Still, it remains unclear what the future holds for the South China Morning Post. The paper still reports extremely critically on issues that the Chinese state media avoids. When the widow of Nobel Peace Prize winner Liu Xiaobo was allowed to leave the country for Germany in early July, the newspaper dispatched several correspondents to Berlin.
On the other hand, comments made by Alibaba executives after the acquisition were jarring. Executive Vice President Joseph Tsai, for example, has complained that the Western media reports on China in a biased and one-sided way because they disagree with communism. He has said that the South China Morning Post should report on things "as they are."
Critics Say Paper Has Changed
Many observers in Hong Kong say the newspaper has changed since Alibaba issued that journalistic mandate to SCMP. They say it now provides more space for pro-government editorials and at times seems to violate its own self-imposed principles of transparency and independence on hot-button issues.
One such instance involved Shirley Yam. For 11 years, she was one of the newspaper's best-known columnists, writing about machinations in the business world each week. Such intrigue was also the focus of her column on July 18, 2017, in which she described the connections between the daughter of a confidante of President Xi Jinping and an investor. The story was complicated, but it had a clear message: A high party official may have secretly transferred his assets to Hong Kong.
The South China Morning Post printed the article and posted it online until its sudden disappearance from the website at night. It had been replaced with a statement from the newspaper claiming Yam's column hadn't met its standards for publication and contained "multiple unverifiable insinuations."
If you ask Executive Editor Chow Chung-yan about possible attempts by China to interfere, you get a remarkable answer. The newspaper has excellent relations with all kinds of governments, Chow says. "If they feel misrepresented, they call us and ask for a meeting." It's only Beijing that we never hear from, he says. He adds that he wishes that were different.
The article you are reading originally appeared in German in issue 34/2018 (August 18th, 2018) of DER SPIEGEL.

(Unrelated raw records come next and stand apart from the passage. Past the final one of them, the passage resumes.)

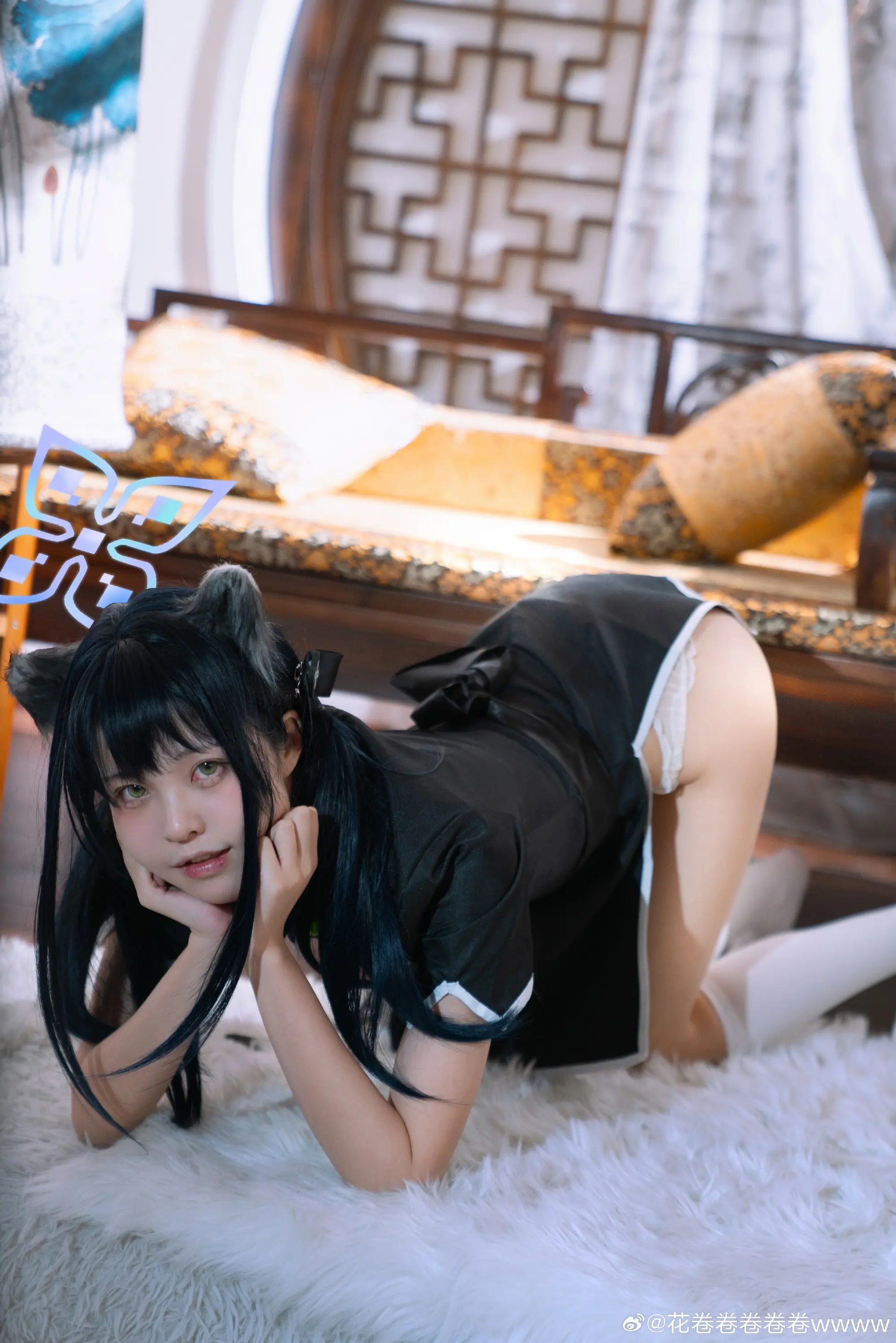 COSPLAY 我写下的，和自己的约定······也还是当时的样子。 碧蓝档案 幼瞬@花卷卷卷卷卷wwww-公众号小姨ai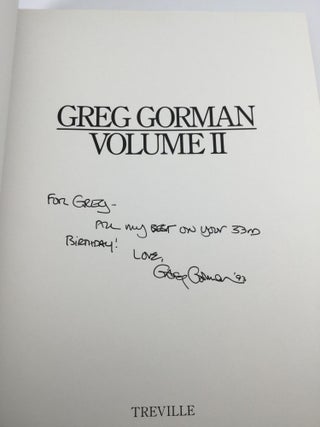 GREG GORMAN, Volume II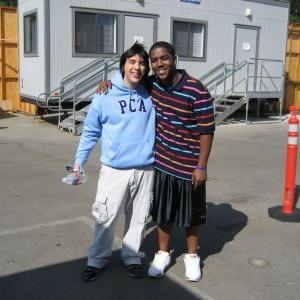 Me and Chris Massey on the set of Zoey 101.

China's government is concerned about the country's reputation. It has taken a beating, and not just since Donald Trump's declaration of a trade war against the country. That's why Beijing is now pumping billions into a state-steered media apparatus that is supposed to spin the story of China's miracle to foreign audiences. It wants to have a significant voice in the debate as to whether the world should fête or fear China's rise.
Although the South China Morning Post is a privately owned company, it would still suit its owners well if the world had a better opinion of China. Alibaba currently generates the lion's share of its revenues in China. But the company would like to conquer foreign markets in the future and become a global player. The most plausible explanation is that Alibaba acted out of a mixture of patriotism and self-interest when it acquired the newspaper.
Describing the ideal relationship between companies and the government, Jack Ma has said something along the lines of: "Go ahead and flirt with it, but don't marry it."